[Extracted records]
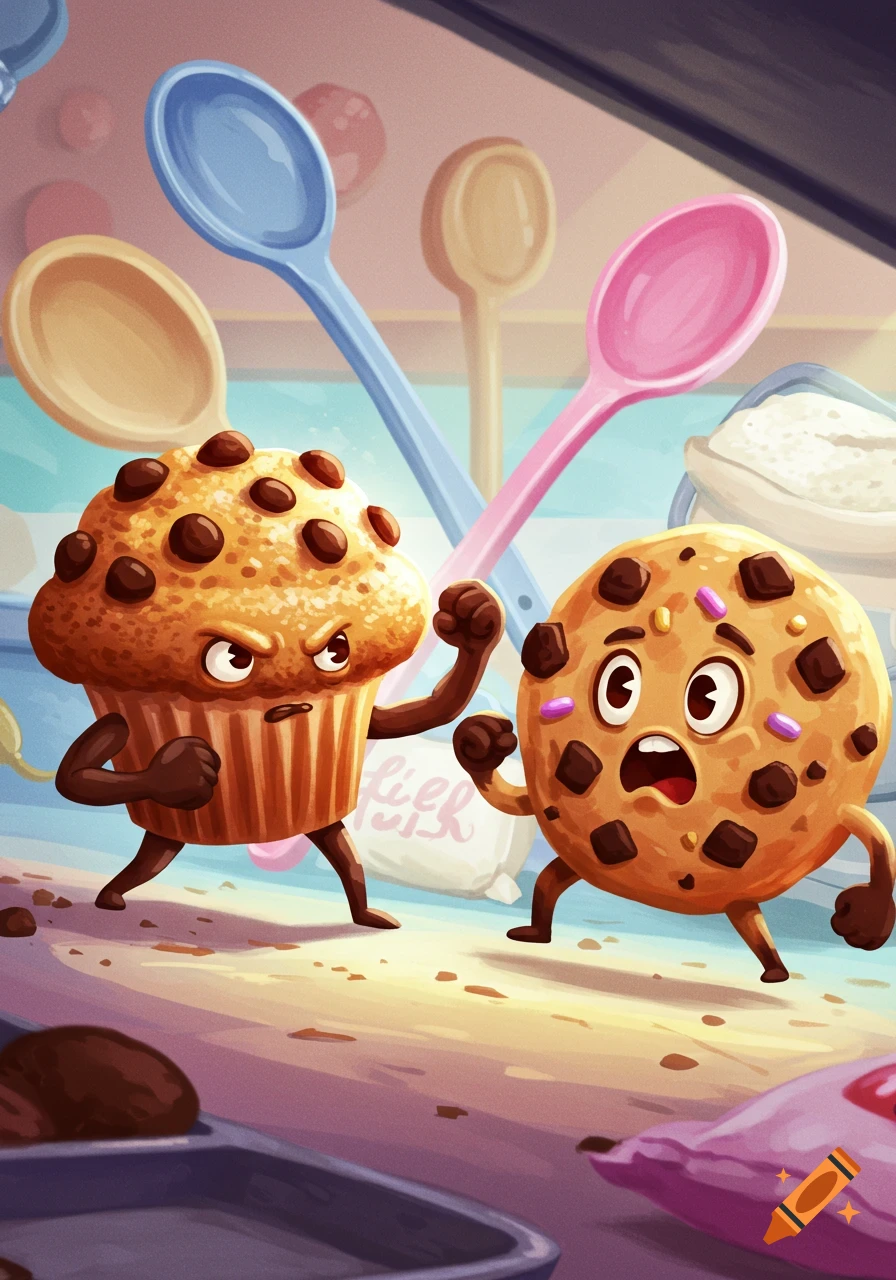 A vibrant cartoon shows an angry muffin character fighting a scared cookie character in a kitchen, surrounded by oversized baking utensils.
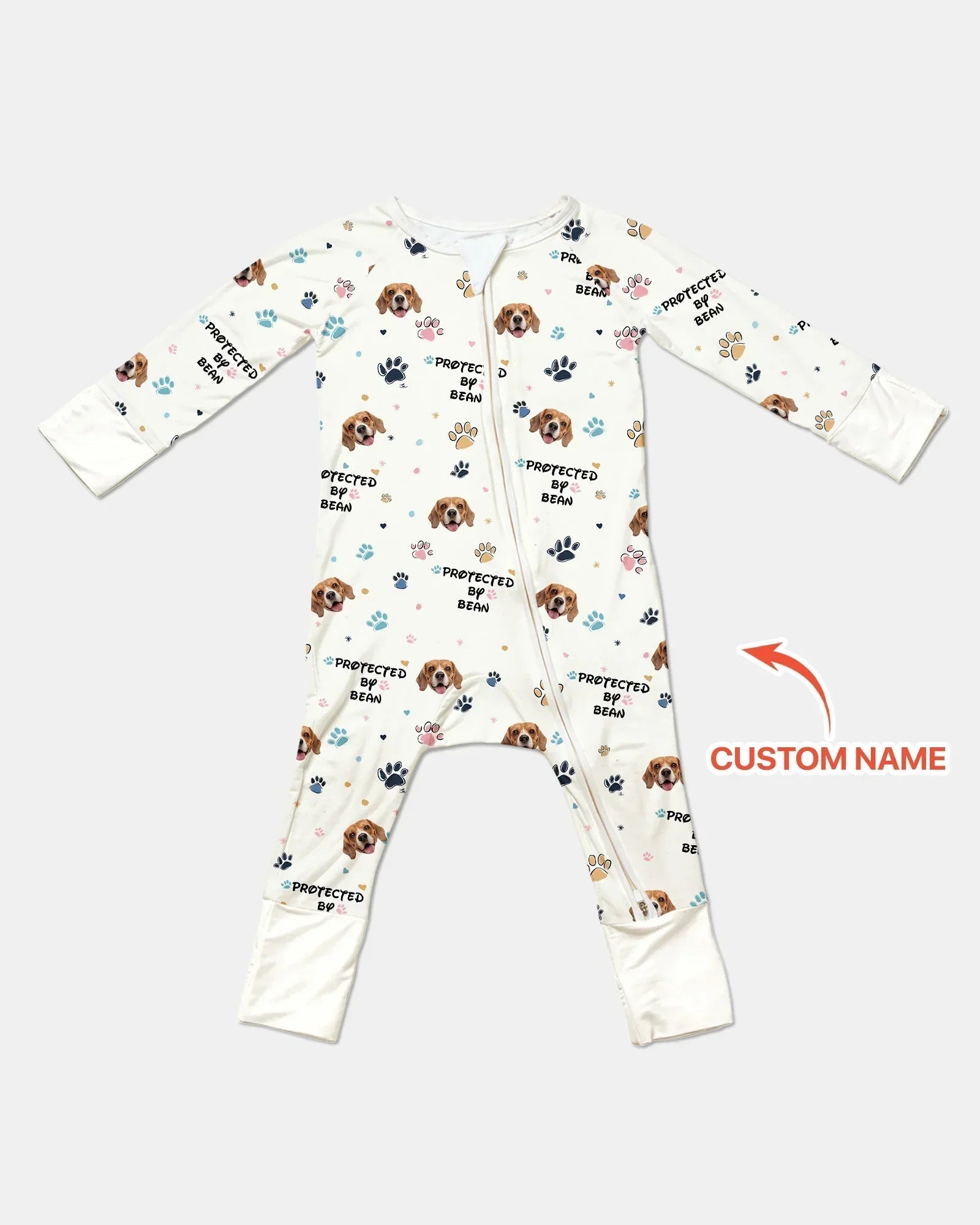 Custom Dogs Photo "protected By" Bamboo Convertible Zippered Romper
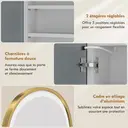 HOMCOM Armoire Murale Salle de Bain avec Miroir et Éclairage LED, 50x14,5x70cm, Meuble Salle de Bain à Porte Arquée Alliage d'Aluminium, Anti-Buée, 3 Températures de Lumière, Étagères Réglables, Doré image 6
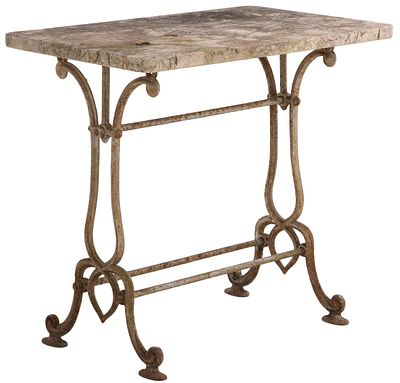 FRENCH CAST IRON MARBLE TOP GARDEN TABLE C 1900. French cast iron marble top garden table C 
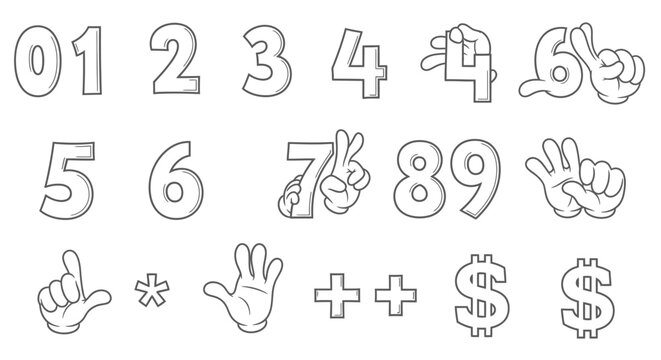 Outline Numbers 0 to 9 and Hand Gesture Icons Set on Isolated White Background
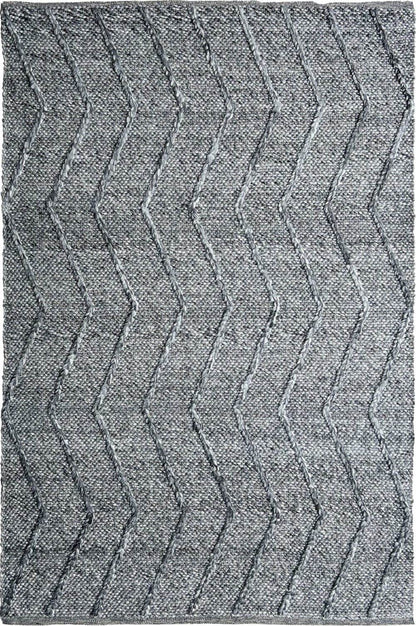 Athena | Chevron Wool Rug Dark Grey - Mirra Interiors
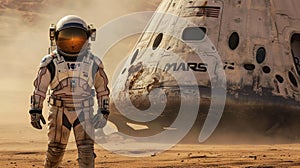 Spacecraft and astronaut on Mars surface, scenery of deserted sandy planet. Spaceman walks near Martian spaceship. Concept of sci-
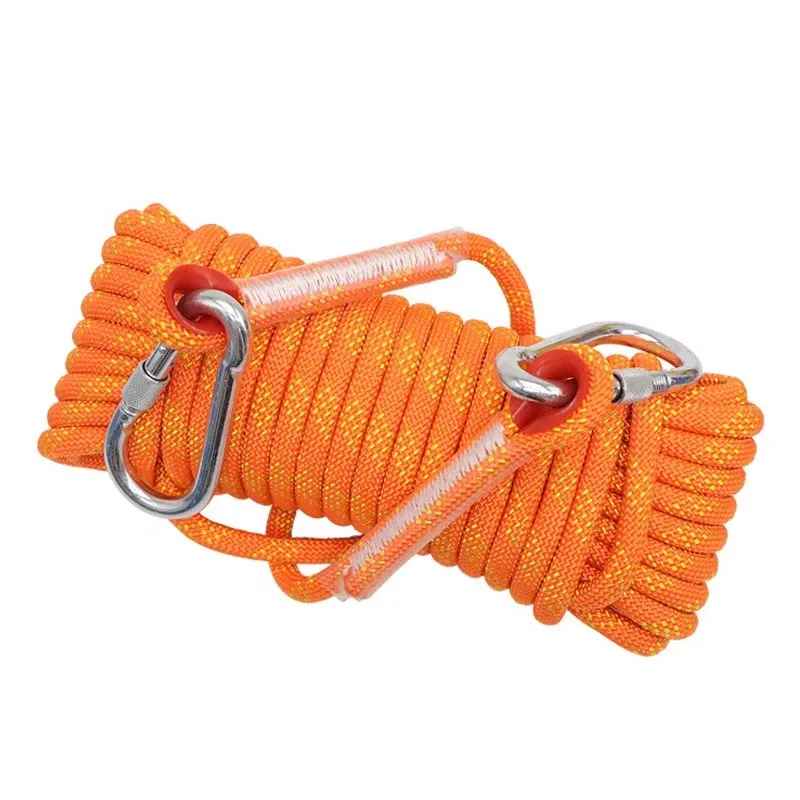 Verdickt 8/10mm Outdoor Klettern Seil Doppel Haken Überleben Feuer Flucht Seil Statische Felsen Bergsteigen Seil Zelt befestigungs Seil Image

● Task goal: Print the records verbatim, without pictures.

● Exercise output:
 A vibrant cartoon shows an angry muffin character fighting a scared cookie character in a kitchen, surrounded by oversized baking utensils.
 Custom Dogs Photo "protected By" Bamboo Convertible Zippered Romper
 HOMCOM Armoire Murale Salle de Bain avec Miroir et Éclairage LED, 50x14,5x70cm, Meuble Salle de Bain à Porte Arquée Alliage d'Aluminium, Anti-Buée, 3 Températures de Lumière, Étagères Réglables, Doré image 6
 FRENCH CAST IRON MARBLE TOP GARDEN TABLE C 1900. French cast iron marble top garden table C 
 Outline Numbers 0 to 9 and Hand Gesture Icons Set on Isolated White Background
 Athena | Chevron Wool Rug Dark Grey - Mirra Interiors
 Spacecraft and astronaut on Mars surface, scenery of deserted sandy planet. Spaceman walks near Martian spaceship. Concept of sci-
 Verdickt 8/10mm Outdoor Klettern Seil Doppel Haken Überleben Feuer Flucht Seil Statische Felsen Bergsteigen Seil Zelt befestigungs Seil Image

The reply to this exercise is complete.